His first impression was that the long and lofty room, entirely lined with books, was empty. The next moment he saw that high up in the dark corner, where the librarian had found his French text-books of medieval history, there hung a queer sort of luminous blue cloud or mist. Then he saw that the electric light was still burning, and that the veil of vapour through which it shone was the result of somebody having been smoking on that remote perch, and smoking for a considerable stretch of hours, possibly (as it began to dawn on the mind of the strayed reveller) all night and a great part of the day before. Then for the first time he clearly visualised the two long legs of Mr. Michael Herne still hanging from his lofty ledge; where it seemed that he had been reading steadily from sunrise to sunrise. Luckily, it would appear that he had something to smoke. But he could not possibly have had anything to eat. “Lord bless us,” muttered Murrel, to himself, “the man must be famished! And what about sleep? If he’d slept on that ledge I suppose he’d have fallen off.”

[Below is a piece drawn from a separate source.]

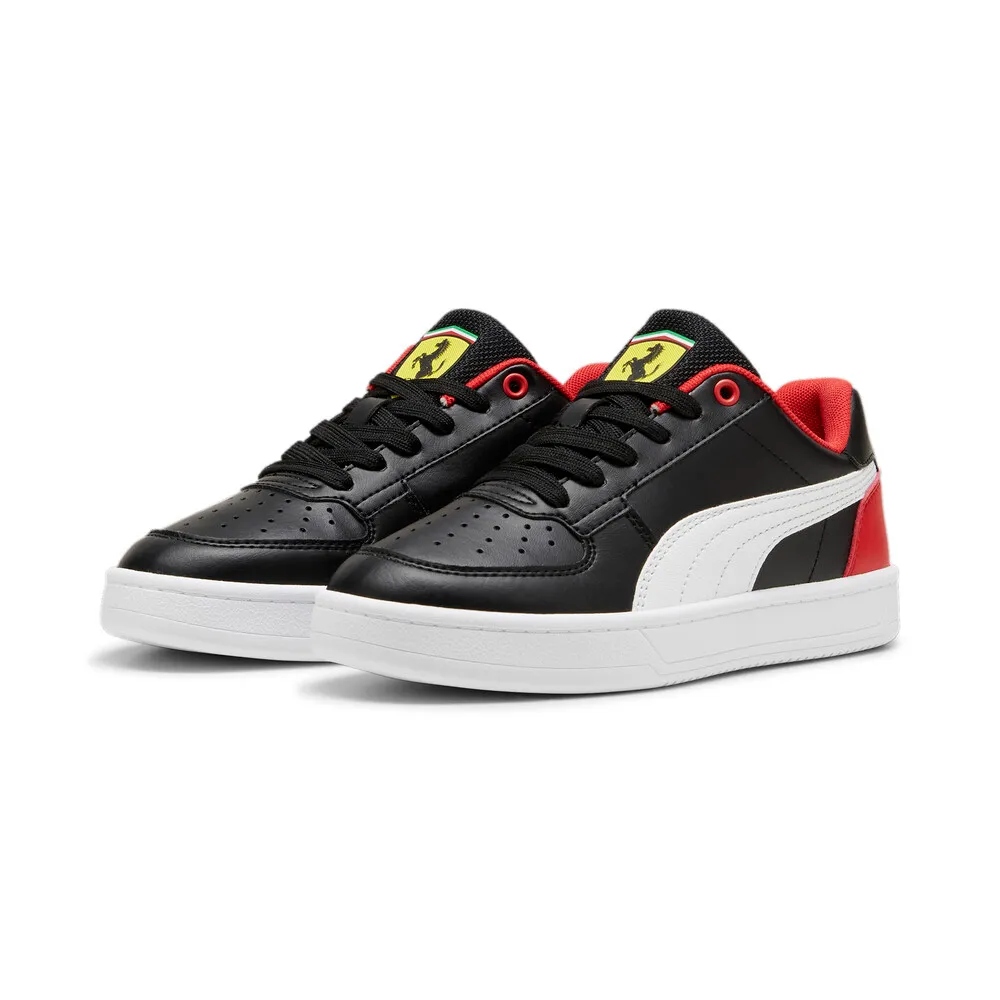 Tenis Puma Ferrari Caven 2.0 Negro Unisex 308160 04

He called out cautiously to the man above, rather as one does to a child playing on the edge of a precipice. He said to him, almost reassuringly, “It’s all right; I’ve got the ladder.”
The librarian looked up mildly over the top of his large book. “Do you want me to come down?” he asked.
And then Murrel saw the last of the prodigies of his preposterous twenty-four hours. For without waiting for the ladder at all the librarian let himself swiftly down the face of the bookcase, finding footholds in the shelves, with a little difficulty and some danger, falling at last on his feet. It is true that when he reached the ground he gave a stagger.
“Have you asked Garton Rogers?” he asked. “What an interesting period!”
Murrel was not easily startled but for the moment he also almost staggered. He could only reply with a blank stare and the repetition of the word “Period! What period?”
“Well,” replied Mr. Herne, the librarian, half closing his eyes. “I suppose we might put the most interesting period say from 1080 to 1260. What do you think?”
“I think it’s a long time to wait for a meal,” answered Murrel. “Man alive, you must be starving. Have you really been perched up there for–for two hundred years, so to speak?”
“I do feel a little funny,” replied, Herne.
“I don’t approve of your taste in fun,” answered the other. “Look here, I’m going to get you some food. The servants aren’t up yet; but a knife-boy who was a friend of mine once showed me the way to the pantry.”